→ **TASK OBJECTIVE**: In the listing below, find the line with "Pink busy lizzie flowers in close up Pink" and the line with "X0000103410153200809261652". Repeat those two lines and all lines between them exactly.

────────────────────

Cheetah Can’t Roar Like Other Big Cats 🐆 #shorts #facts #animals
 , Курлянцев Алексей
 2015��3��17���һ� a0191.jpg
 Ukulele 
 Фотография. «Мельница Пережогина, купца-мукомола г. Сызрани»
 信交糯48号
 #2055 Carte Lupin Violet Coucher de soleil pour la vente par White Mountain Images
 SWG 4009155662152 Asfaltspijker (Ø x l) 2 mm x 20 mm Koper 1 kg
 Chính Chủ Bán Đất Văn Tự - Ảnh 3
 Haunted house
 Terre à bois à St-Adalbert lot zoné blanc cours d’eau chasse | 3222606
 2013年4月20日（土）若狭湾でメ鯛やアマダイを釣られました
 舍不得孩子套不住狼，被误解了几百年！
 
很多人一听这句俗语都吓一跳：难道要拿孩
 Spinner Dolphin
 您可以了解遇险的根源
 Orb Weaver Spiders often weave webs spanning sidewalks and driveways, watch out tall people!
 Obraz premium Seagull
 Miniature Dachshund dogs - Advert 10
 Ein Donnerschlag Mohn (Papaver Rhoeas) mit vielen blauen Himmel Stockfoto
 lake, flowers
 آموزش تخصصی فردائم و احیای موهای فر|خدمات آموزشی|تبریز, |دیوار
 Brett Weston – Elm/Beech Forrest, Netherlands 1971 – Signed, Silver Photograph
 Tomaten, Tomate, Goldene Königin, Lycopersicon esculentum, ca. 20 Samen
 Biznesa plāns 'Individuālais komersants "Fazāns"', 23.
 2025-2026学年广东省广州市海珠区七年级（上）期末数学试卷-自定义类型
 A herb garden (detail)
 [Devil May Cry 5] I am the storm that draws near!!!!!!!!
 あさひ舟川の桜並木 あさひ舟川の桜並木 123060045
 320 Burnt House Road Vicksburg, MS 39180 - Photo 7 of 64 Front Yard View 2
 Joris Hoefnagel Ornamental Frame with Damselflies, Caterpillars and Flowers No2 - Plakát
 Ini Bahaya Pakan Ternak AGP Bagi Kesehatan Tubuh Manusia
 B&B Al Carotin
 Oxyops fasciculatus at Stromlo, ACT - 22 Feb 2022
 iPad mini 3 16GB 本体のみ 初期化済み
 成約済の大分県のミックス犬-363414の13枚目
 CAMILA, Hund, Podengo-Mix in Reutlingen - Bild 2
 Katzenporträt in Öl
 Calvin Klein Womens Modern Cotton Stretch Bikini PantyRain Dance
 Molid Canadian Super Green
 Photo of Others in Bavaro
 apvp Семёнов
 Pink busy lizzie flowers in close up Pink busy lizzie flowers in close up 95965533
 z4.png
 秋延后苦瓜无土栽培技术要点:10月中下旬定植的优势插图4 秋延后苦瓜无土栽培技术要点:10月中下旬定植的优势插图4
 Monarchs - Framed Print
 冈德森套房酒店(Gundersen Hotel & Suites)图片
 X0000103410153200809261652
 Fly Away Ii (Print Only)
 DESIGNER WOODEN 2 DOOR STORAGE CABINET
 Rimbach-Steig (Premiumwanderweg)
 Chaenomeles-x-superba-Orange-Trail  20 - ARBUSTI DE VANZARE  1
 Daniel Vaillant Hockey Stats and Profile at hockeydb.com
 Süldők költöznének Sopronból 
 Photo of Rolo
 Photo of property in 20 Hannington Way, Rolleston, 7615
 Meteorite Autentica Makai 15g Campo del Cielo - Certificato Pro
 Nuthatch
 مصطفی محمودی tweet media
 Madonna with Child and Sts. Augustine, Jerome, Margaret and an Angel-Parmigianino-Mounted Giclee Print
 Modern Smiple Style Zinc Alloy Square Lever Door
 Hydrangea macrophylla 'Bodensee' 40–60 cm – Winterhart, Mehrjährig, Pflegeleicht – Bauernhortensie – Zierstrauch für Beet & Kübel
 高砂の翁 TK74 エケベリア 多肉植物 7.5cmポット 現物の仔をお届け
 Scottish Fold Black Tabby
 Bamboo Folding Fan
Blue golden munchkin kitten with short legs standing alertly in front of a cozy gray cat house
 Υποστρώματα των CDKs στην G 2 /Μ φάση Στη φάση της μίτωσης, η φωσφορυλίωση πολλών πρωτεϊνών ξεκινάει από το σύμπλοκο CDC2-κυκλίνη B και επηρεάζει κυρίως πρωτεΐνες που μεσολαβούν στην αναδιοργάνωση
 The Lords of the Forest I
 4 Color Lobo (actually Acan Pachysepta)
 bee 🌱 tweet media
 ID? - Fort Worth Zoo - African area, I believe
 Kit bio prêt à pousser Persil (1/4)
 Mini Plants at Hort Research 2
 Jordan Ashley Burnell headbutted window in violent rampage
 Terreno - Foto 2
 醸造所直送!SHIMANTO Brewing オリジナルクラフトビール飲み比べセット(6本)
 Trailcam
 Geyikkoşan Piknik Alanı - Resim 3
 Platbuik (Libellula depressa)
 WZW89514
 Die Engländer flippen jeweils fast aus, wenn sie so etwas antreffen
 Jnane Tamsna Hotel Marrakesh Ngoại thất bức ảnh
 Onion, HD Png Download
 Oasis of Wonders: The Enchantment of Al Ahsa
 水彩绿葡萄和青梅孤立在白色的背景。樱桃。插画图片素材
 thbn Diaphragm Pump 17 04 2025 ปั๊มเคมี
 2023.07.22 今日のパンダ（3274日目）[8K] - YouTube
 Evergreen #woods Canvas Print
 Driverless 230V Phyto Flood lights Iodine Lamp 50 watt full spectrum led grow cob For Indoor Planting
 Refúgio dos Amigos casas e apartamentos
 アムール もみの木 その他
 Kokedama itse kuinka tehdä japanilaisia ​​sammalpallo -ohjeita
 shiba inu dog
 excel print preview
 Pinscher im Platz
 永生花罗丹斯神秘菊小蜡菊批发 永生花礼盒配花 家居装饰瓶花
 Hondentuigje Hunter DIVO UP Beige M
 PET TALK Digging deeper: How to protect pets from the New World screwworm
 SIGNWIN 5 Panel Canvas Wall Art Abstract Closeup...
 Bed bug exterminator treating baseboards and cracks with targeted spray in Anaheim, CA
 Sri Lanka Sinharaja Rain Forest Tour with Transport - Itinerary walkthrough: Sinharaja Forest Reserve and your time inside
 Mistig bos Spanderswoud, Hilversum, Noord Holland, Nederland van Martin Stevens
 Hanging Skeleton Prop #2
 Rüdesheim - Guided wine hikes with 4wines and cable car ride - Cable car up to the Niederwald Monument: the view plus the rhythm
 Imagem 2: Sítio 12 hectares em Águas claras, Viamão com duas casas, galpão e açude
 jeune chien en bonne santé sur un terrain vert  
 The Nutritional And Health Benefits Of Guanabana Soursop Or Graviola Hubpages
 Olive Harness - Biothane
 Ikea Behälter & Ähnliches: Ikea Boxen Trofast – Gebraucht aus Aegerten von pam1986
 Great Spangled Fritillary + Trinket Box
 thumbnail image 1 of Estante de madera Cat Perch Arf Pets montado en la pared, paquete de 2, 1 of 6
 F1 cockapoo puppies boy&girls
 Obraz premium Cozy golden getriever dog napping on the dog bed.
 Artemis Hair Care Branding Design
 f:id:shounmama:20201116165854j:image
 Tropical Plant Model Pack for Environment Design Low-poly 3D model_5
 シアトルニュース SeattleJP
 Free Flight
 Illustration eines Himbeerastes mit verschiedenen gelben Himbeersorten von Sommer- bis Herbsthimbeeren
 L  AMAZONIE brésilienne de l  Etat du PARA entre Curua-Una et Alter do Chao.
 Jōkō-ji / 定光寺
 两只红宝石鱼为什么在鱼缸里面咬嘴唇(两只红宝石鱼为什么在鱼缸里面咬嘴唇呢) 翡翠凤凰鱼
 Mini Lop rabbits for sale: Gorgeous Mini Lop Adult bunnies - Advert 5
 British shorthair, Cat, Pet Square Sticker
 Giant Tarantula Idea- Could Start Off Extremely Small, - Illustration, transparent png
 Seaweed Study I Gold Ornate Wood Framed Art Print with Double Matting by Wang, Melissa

────────────────────

→ **EXERCISE RESULT**:
 Pink busy lizzie flowers in close up Pink busy lizzie flowers in close up 95965533
 z4.png
 秋延后苦瓜无土栽培技术要点:10月中下旬定植的优势插图4 秋延后苦瓜无土栽培技术要点:10月中下旬定植的优势插图4
 Monarchs - Framed Print
 冈德森套房酒店(Gundersen Hotel & Suites)图片
 X0000103410153200809261652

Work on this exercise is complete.